Commits related to this issue

Most upvoted comments

+1 to setting this with the helm chart. Updating all of the node groups with custom launch templates is quite the chore to configure this one setting.

subscribing as we have a similar issue but killing stunnel doesn’t fix it for us still

Jun 7 01:00:38 [ip] kernel: nfs: server 127.0.0.1 not responding, timed out

is there some other things to check/restart ? (vs killing the node; I’d like to understand how it gets in this state and a workaround to unblock it)

Hi @0nebody, Nice job with the workaround daemonset, just be aware that you may not need to mount /proc since “hostPID” is already set to true.

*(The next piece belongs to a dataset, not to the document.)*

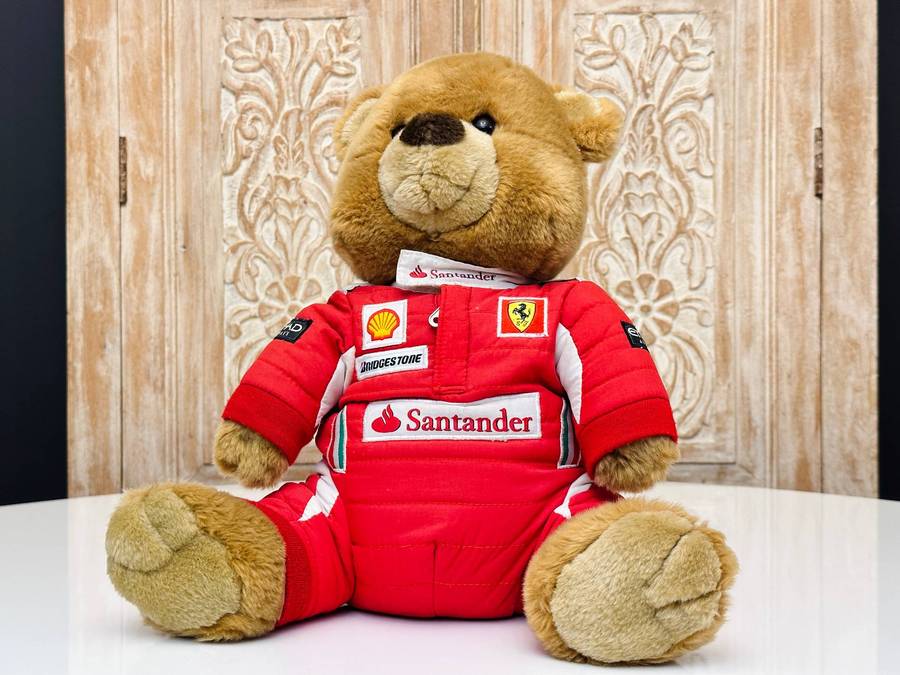 Official Scuderia Ferrari Large Vintage Collectable F1 Team Teddy Bear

This means that the containers within the pod would use the host PID namespace and will already be able to see and interact with the processes in the host namespace.

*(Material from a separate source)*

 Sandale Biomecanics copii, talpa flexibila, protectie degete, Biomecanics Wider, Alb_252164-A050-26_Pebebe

If you need to test the effect of the script, you can temporarily update your EFS security group to remove/block access on port 2049. This would cause the NFS timeouts to eventually appear in kernel logs which would then trigger the script to execute.

Hi @Cappuccinuo, Stunnel is not included/installed in the EKS optimised AMI/worker nodes, instead it is installed within the EFS CSI Driver image (see here) which is running as a Daemonset in an EKS cluster. This docker image seems to clone the efs-utils GitHub repo and install the amazon-efs-utils package as per this spec file which specifies stunnel version 4.56. Therefore upgrading it is a bit challenging, it looks like you have to build your own EFS CSI driver image manually to update stunnel. Is it possible for a docker image version/tag of the EFS CSI driver to be available with stunnel upgraded to 5.63?

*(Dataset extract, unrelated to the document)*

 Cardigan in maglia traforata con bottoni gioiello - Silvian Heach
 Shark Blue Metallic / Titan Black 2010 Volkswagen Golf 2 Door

Adding a workaround here for anyone who needs it, the following script monitors the stunnel processes running on the worker node and kills them if they are unresponsive. The killed processes are then re-created by the EFS CSI driver. The stunnel processes are used to add TLS encryption to NFS traffic, you can read more about it here

#!/bin/bash

WAIT_TIME=60 # Time in seconds to wait before polling stunnel processes
TIMEOUT=2    # Time in seconds to wait for response from remote EFS system connected via stunnel

while true; do
    STUNNEL_NFS_MOUNTS=`mount | grep nfs4 | grep 127.0.0.1 | awk '{print $3}'`
    for STUNNEL_MOUNT in $STUNNEL_NFS_MOUNTS; do
        timeout $TIMEOUT stat -t $STUNNEL_MOUNT >/dev/null 2>&1
        if [ $? -eq 124 ]; then
            echo "[`date`] Timeout when connecting to NFS, killing stunnel process"
            NAME=`echo $STUNNEL_MOUNT | sed -r 's:/:.:g'`
            PROCESS=`ps -ef | grep stunnel | grep $NAME`
            PROCESS_NAME=`echo $PROCESS | awk '{ print $8, $9}'`
            PROCESS_PID=`echo $PROCESS | awk '{print $2}'`
            kill -9 $PROCESS_PID
            echo "[`date`] Killed process $PROCESS_PID '$PROCESS_NAME'"
        fi
    done
    sleep $WAIT_TIME
done

The above script can be invoked in a regular crontab entry or as a systemd service (see below). Running it as a daemonset is also possible but you would need to run the container as root, mount /var/lib/kubelet to see NFS mount points created by the EFS CSI Driver and specify hostPID: true in pod spec to view and kill stunnel processes

[Unit]
Description=Monitor health of stunnel processes created by the EFS CSI driver

[Service]
ExecStart=<SCRIPT_LOCATION>

[Install]
WantedBy=multi-user.target

If you are using EKS managed nodegroups with a launch template specified (see here), you can use EC2 user data to make the above configuration changes as new EKS worker nodes are being provisioned.

If anyone else wants to try this workaround, feel free to do so but please test before deploying to a production environment.

same issue, I noticed this issue because of:

  • High cpu load on the node, but with low cpu usage
  • No response from df -h
  • Hang at efs mounting by strace df
  • Reporting nfs: server 127.0.0.1 not responding, still trying by dmesg

eks vesion: 1.21.5 driver version: 1.3.5

Edited: I upgraded driver version to 1.3.6, still the same issue, I think this is a critical P1 bug.